Persistence exponents in a 3D symmetric binary fluid mixture

TL;DR

This study numerically investigates the persistence exponent in a 3D symmetric binary fluid mixture, revealing a power-law decay of no-flip fraction influenced by hydrodynamic transport regimes.

Contribution

It provides the first numerical analysis of the persistence exponent in a 3D binary fluid system with hydrodynamic coarsening, highlighting its dependence on domain growth regimes.

Findings

Persistence exponent ranges from 1.23 to 1.37.

Power-law decay of no-flip fraction observed.

Exponent varies with hydrodynamic regime.

Abstract

The persistence exponent, theta, is defined by N_F sim t^theta, where t is the time since the start of the coarsening process and the "no-flip fraction", N_F, is the number of points that have not seen a change of "color" since t=0. Here we investigate numerically the persistence exponent for a binary fluid system where the coarsening is dominated by hydrodynamic transport.

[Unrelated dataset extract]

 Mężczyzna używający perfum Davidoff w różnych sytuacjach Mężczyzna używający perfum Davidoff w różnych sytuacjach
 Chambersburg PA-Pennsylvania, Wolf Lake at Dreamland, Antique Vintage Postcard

We find that N_F follows a power law decay (as opposed to exponential) with the value of theta somewhat dependent on the domain growth rate (L sim t^alpha, where L is the average domain size), in the range theta=1.23 +-0.1 (alpha = 2/3) to theta=1.37 +-0.2 (alpha=1). These alpha values correspond to the inertial and viscous hydrodynamic regimes respectively.